• [Assignment]
Could you repeat the records below exactly, leaving the pictures out?

Stored data entries:
===============
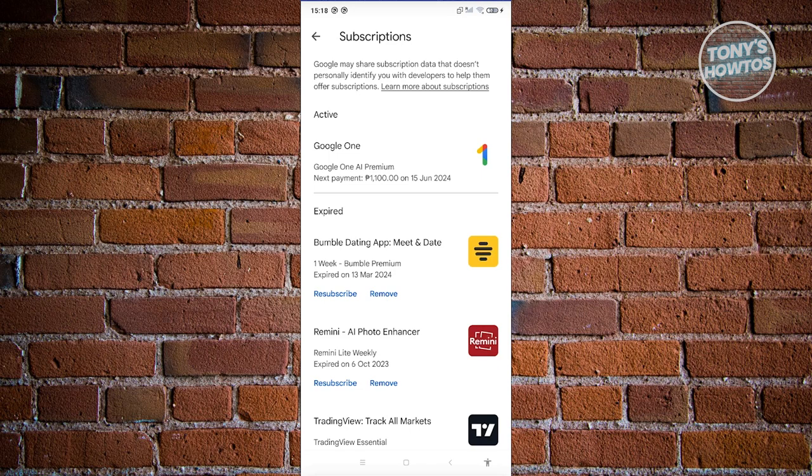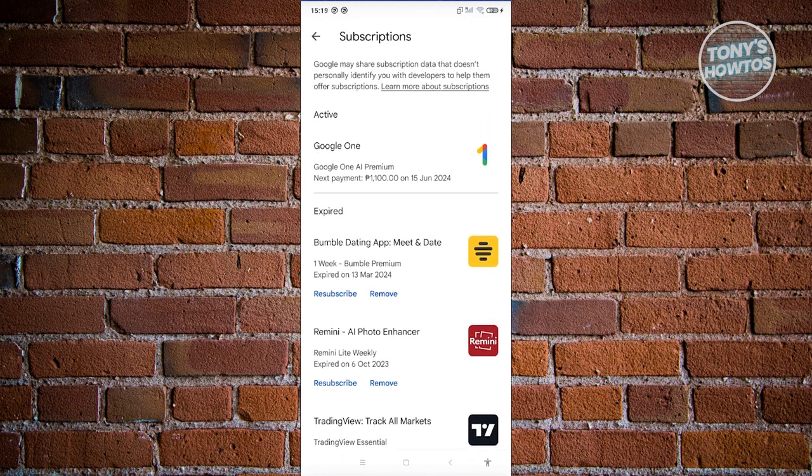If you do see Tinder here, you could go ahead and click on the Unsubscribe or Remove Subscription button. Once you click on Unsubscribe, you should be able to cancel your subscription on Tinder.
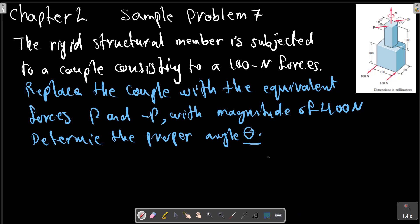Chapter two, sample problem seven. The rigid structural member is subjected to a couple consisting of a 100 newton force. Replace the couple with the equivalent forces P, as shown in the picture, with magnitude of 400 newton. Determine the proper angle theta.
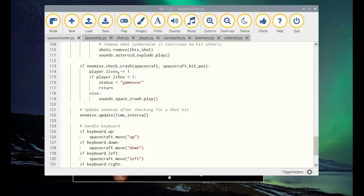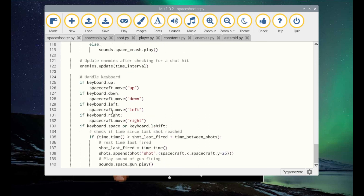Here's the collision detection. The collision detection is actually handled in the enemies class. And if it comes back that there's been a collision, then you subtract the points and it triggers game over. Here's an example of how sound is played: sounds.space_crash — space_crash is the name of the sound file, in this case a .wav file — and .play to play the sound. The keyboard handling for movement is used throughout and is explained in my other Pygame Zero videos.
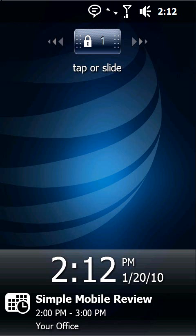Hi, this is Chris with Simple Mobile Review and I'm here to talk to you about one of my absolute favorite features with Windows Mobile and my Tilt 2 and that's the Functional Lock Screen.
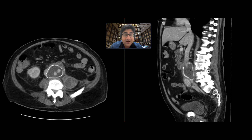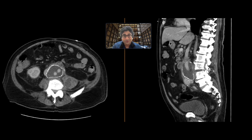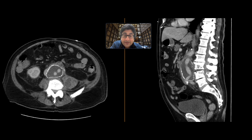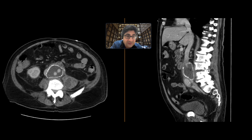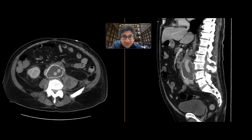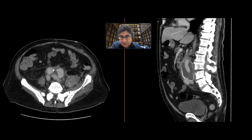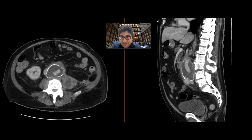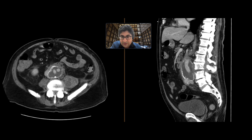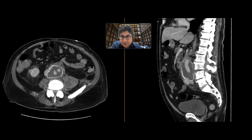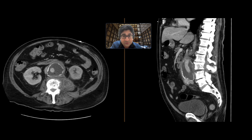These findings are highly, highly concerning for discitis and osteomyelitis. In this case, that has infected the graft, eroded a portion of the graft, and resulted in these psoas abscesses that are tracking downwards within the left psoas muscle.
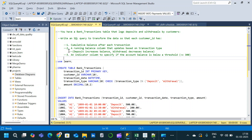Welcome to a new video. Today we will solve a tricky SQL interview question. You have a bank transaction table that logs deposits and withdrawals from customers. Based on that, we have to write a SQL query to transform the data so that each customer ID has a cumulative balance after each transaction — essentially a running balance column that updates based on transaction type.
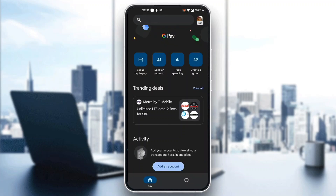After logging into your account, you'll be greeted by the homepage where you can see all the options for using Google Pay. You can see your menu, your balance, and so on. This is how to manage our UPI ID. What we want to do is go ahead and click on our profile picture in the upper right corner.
===============
• [Reply]
If you do see Tinder here, you could go ahead and click on the Unsubscribe or Remove Subscription button. Once you click on Unsubscribe, you should be able to cancel your subscription on Tinder.
Chapter two, sample problem seven. The rigid structural member is subjected to a couple consisting of a 100 newton force. Replace the couple with the equivalent forces P, as shown in the picture, with magnitude of 400 newton. Determine the proper angle theta.
Here's the collision detection. The collision detection is actually handled in the enemies class. And if it comes back that there's been a collision, then you subtract the points and it triggers game over. Here's an example of how sound is played: sounds.space_crash — space_crash is the name of the sound file, in this case a .wav file — and .play to play the sound. The keyboard handling for movement is used throughout and is explained in my other Pygame Zero videos.
Hi, this is Chris with Simple Mobile Review and I'm here to talk to you about one of my absolute favorite features with Windows Mobile and my Tilt 2 and that's the Functional Lock Screen.
These findings are highly, highly concerning for discitis and osteomyelitis. In this case, that has infected the graft, eroded a portion of the graft, and resulted in these psoas abscesses that are tracking downwards within the left psoas muscle.
Welcome to a new video. Today we will solve a tricky SQL interview question. You have a bank transaction table that logs deposits and withdrawals from customers. Based on that, we have to write a SQL query to transform the data so that each customer ID has a cumulative balance after each transaction — essentially a running balance column that updates based on transaction type.
After logging into your account, you'll be greeted by the homepage where you can see all the options for using Google Pay. You can see your menu, your balance, and so on. This is how to manage our UPI ID. What we want to do is go ahead and click on our profile picture in the upper right corner.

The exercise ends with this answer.